Seperti yang tertera pada sinopsisnya, buku ini menceritakan tentang Sandy Shortt yang seolah terobsesi oleh sesuatu yang menghilang sejak Jenny-May hilang. Rasa penasarannya membuat orang-orang menganggap dia aneh. Bayangin aja, kaos kaki sebelah menghilang aja dia bisa mencari-cari sampai rumah berantakan. Kalau Sandy ada di rumahku, pasti dia udah bantuin aku nyari novel-novelku yang hilang, ya. Hehehe. Rasa penasaran Sandy ini kemudian membawanya menjadi seorang Garda/ polisi yang mendedikasikan diri untuk mencari orang hilang. Pencariannya itu kemudian membawa Sandy ke suatu tempat yang bernama Sini. Tempat itu adalah dunia di mana orang-orang dan barang-barang yang hilang berada. Dia bertemu dengan orang-orang yang selama bertahun-tahun dicarinya. Tapi ada beberapa orang yang sedang dicarinya malah nggak ada di sana. Salah satunya Jenny-May.
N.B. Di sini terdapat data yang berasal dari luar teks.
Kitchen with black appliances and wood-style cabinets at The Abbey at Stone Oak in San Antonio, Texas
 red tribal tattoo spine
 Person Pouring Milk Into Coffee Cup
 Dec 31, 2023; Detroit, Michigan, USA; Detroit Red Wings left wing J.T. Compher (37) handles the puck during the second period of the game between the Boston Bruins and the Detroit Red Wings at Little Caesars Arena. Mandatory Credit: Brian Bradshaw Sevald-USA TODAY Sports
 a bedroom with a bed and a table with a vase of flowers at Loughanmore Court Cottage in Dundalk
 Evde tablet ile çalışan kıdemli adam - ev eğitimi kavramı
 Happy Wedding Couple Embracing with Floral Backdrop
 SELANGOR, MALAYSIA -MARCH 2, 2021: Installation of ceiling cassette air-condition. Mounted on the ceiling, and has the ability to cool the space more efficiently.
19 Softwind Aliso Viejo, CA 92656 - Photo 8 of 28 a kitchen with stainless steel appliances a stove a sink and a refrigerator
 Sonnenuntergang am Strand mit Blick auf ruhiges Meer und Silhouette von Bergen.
Cerita ini dikemas dengan apik, enak banget mengikutinya meski kadang ada deskripsi yang menurutku nggak perlu disebutkan hanya untuk memanjangkan kalimat. Tapi itu kembali ke selera masing-masing, sih. Menuju ke ending, cerita ini makin seru... apalagi ketika akhirnya Sandy bertemu dengan Jenny-May, dan kenyataan tentang Donal yang ditemukan oleh Jack... aku nggak bisa nahan air mata aku.